= Entries shown =
****************

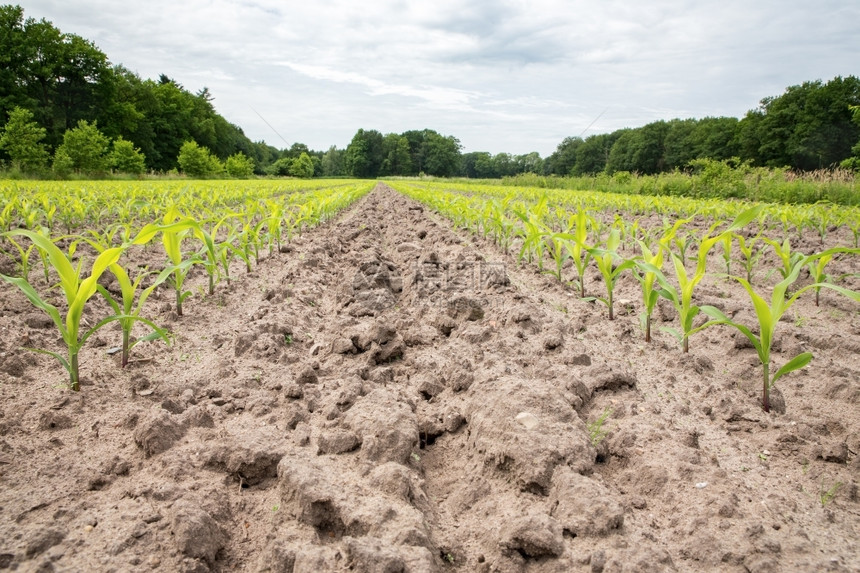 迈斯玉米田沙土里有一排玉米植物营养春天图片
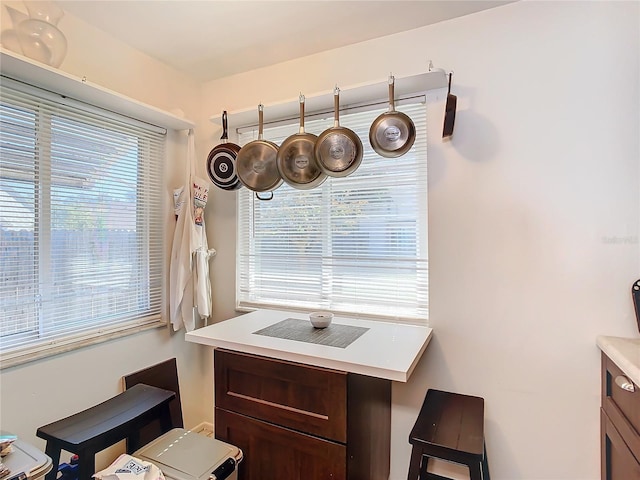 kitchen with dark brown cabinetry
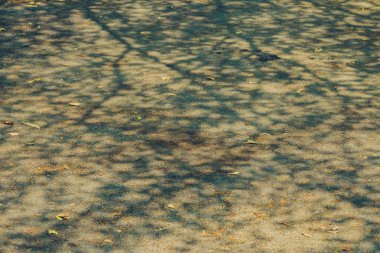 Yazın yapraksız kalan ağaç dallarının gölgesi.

****************

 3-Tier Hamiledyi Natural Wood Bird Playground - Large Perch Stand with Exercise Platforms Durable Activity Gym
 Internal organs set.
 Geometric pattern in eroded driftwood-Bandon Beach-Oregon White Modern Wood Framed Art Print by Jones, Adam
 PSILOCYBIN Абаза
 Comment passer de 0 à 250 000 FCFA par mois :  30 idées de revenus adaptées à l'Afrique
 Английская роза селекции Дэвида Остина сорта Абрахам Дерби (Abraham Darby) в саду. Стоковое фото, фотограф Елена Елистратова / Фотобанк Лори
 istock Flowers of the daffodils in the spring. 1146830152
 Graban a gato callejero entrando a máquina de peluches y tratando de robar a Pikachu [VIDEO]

****************

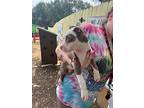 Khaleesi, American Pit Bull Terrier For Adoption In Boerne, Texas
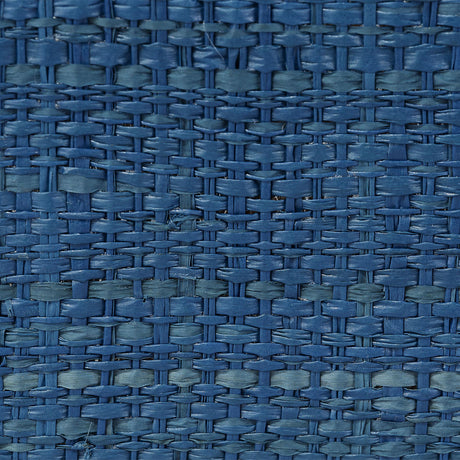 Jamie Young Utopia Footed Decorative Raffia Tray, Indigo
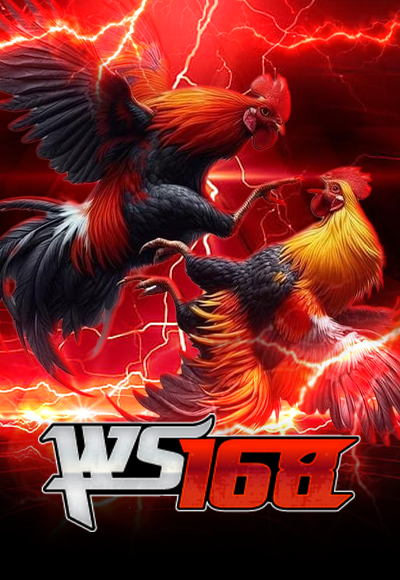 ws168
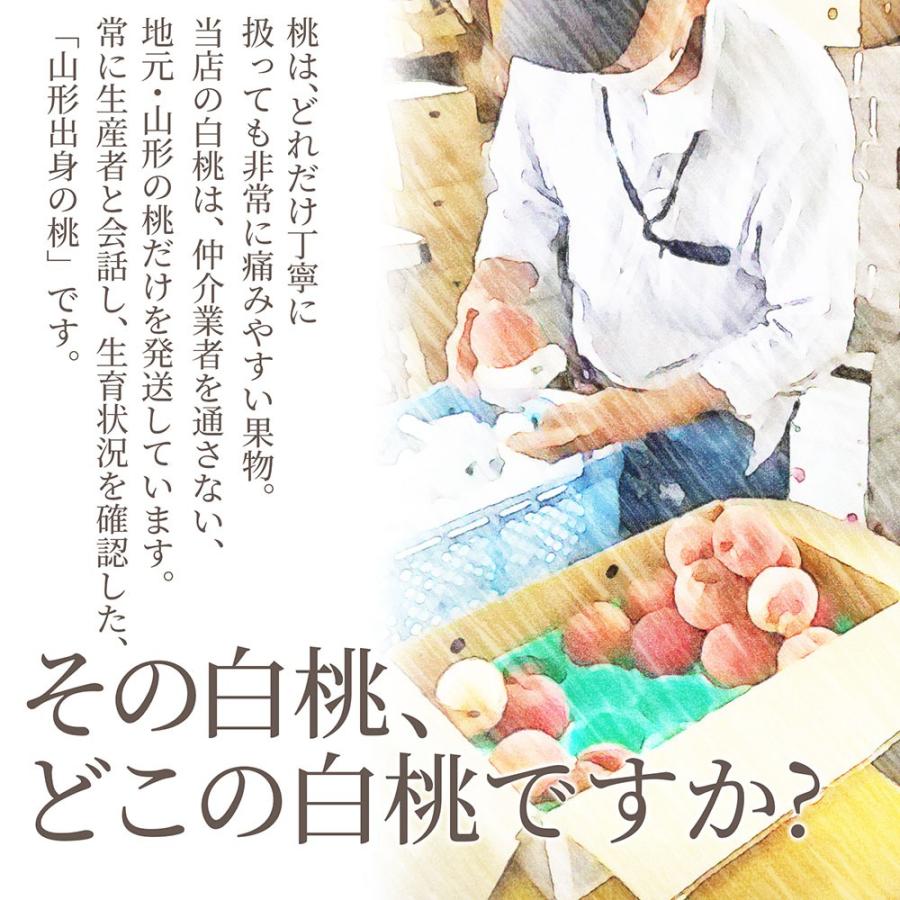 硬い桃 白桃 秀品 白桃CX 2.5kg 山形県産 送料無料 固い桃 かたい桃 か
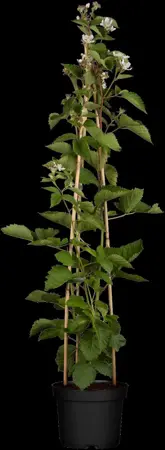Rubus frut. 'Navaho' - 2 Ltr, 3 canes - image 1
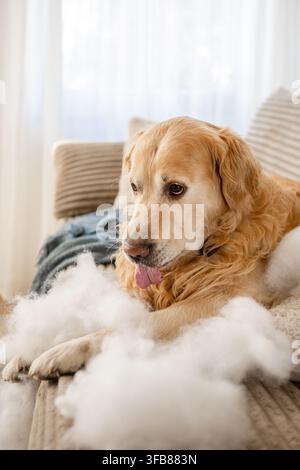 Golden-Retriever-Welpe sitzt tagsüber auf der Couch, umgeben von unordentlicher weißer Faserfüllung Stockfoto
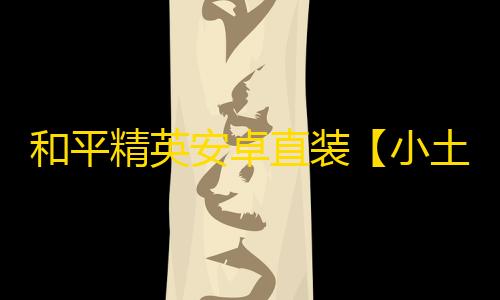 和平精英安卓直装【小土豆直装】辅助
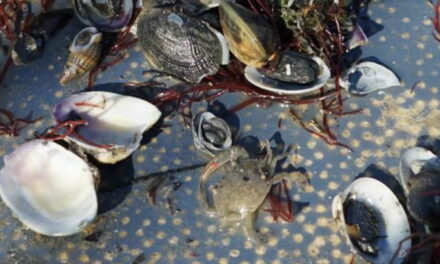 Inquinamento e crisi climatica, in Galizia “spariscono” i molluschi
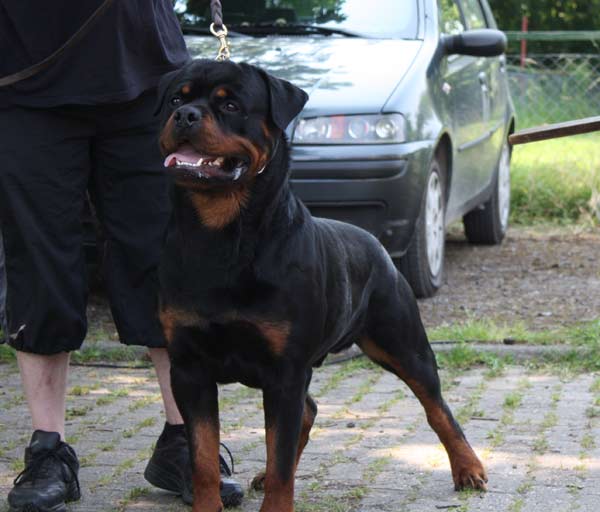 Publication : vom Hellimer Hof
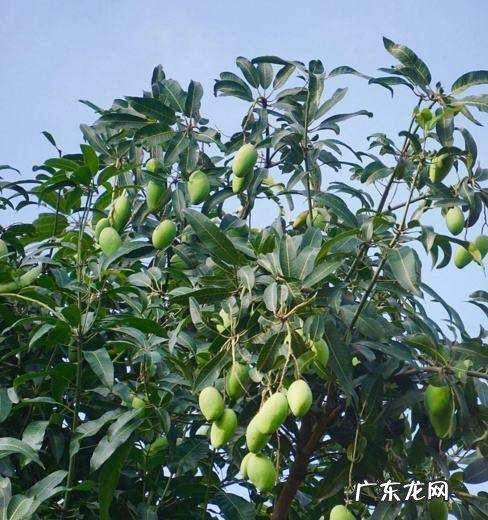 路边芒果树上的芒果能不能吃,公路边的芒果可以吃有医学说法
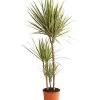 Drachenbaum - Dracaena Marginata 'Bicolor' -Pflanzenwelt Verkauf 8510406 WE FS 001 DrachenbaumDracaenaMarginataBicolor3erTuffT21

****************

= Task to carry out =
Though the entries above contain pictures, none should be copied; reproduce only the lines between the one holding "迈斯玉米田沙土里有一排玉米植物营养春天图片" and the one holding "Yazın yapraksız kalan", inclusive, exactly as written.

= Answer to the exercise =
 迈斯玉米田沙土里有一排玉米植物营养春天图片
 kitchen with dark brown cabinetry
 Yazın yapraksız kalan ağaç dallarının gölgesi.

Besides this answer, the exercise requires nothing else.